Read the records beneath this task and copy every line that contains the string "past".

**** Source material ****

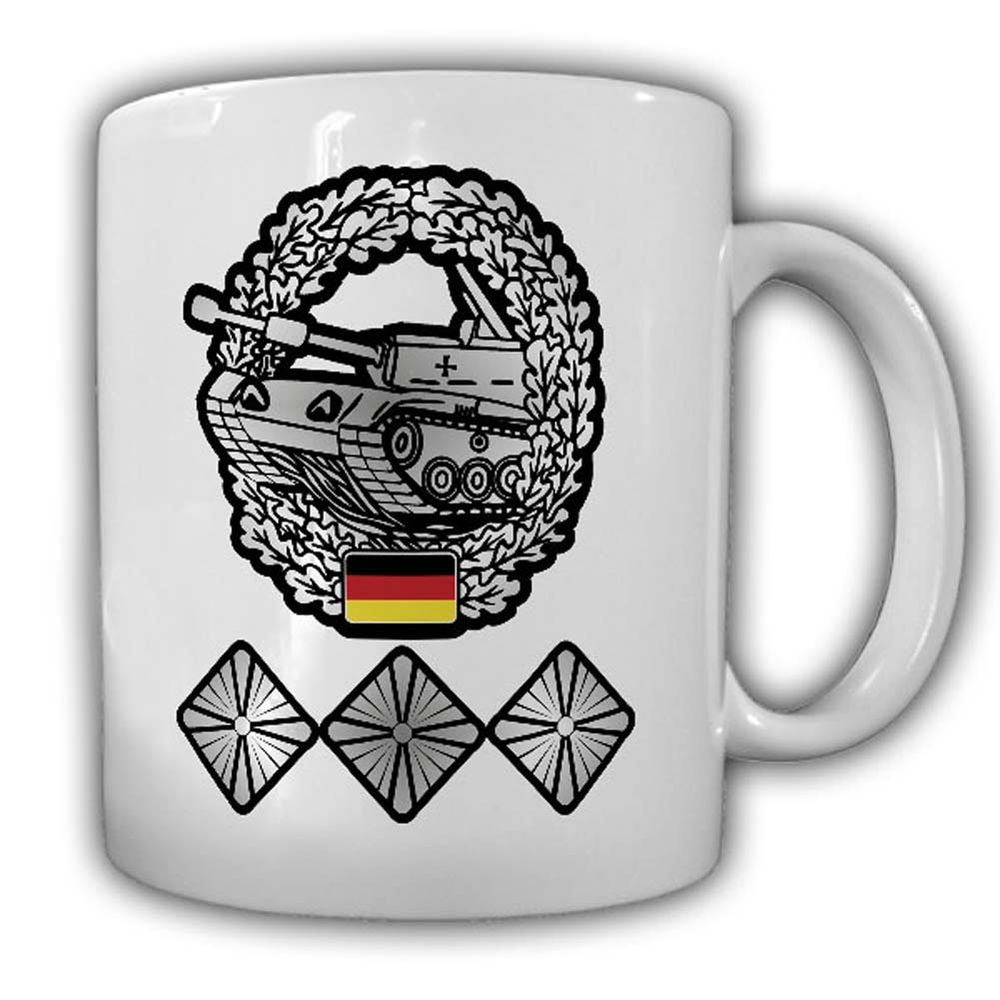 Tasse Bundeswehr Panzer Hptm Panzermann Hauptmann PzBtl Barettabzeichen #25057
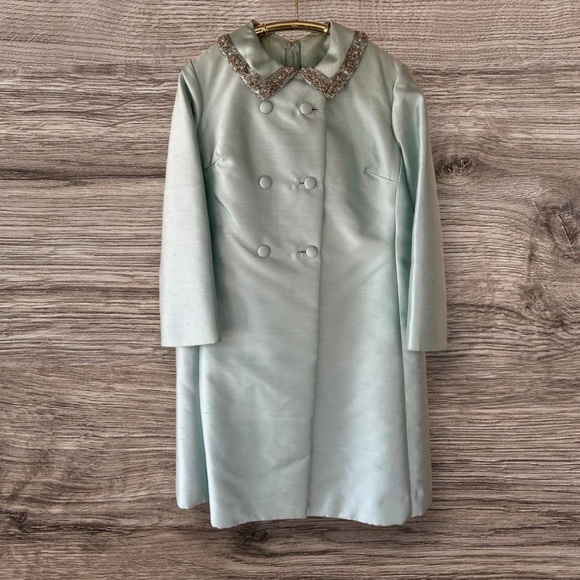 🌸 "Elegant Mint Ensemble" Vintage Dress and Jacket Set 🌸 - Picture 1 of 14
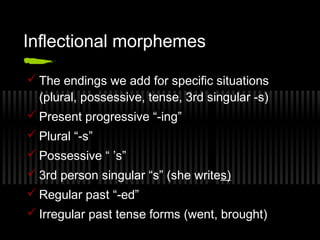 Inflectional morphemes 
The endings we add for specific situations 
(plural, possessive, tense, 3rd singular -s) 
Present progressive “-ing” 
Plural “-s” 
Possessive “ ’s” 
3rd person singular “s” (she writes) 
Regular past “-ed” 
Irregular past tense forms (went, brought)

****

**Response for this exercise**
Regular past “-ed” 
Irregular past tense forms (went, brought)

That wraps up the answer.